## Collected material
* * * * * * *
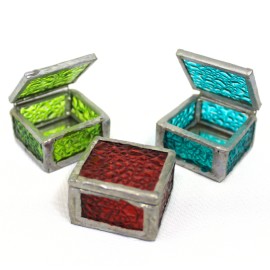 Glass Ring Box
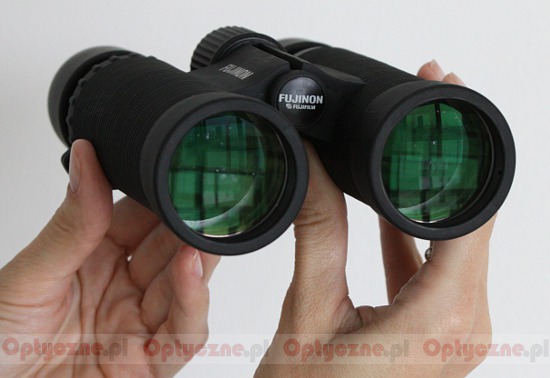 Endurance test of 8x42 binoculars - Fujinon 8x42 MF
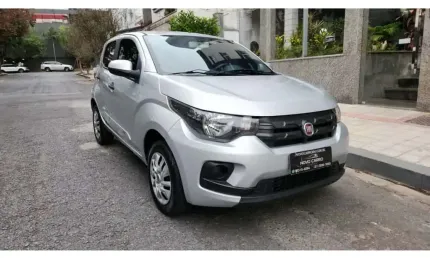 Fiat mobi 2020 1.0 evo flex like. manual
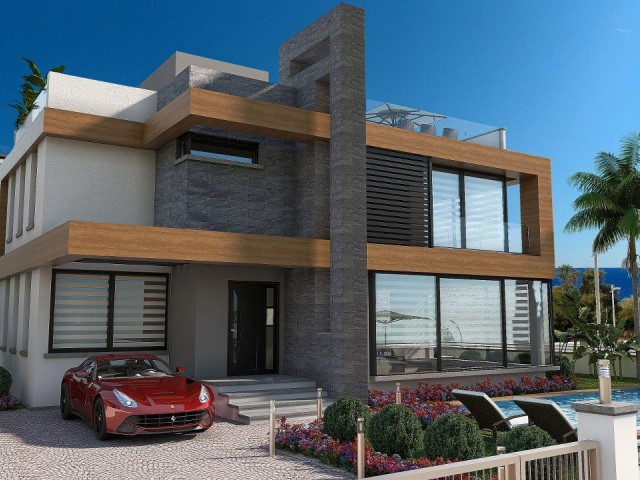 Nice 4 Bedroom Villa For Sale Location Han Villalari Catalkoy Girne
* * * * * * *
## Task statement
Omit the pictures and return exactly the lines from the line containing "Endurance test of" through the final line of the material above, both ends included.

## Expected answer
 Endurance test of 8x42 binoculars - Fujinon 8x42 MF
 Fiat mobi 2020 1.0 evo flex like. manual
 Nice 4 Bedroom Villa For Sale Location Han Villalari Catalkoy Girne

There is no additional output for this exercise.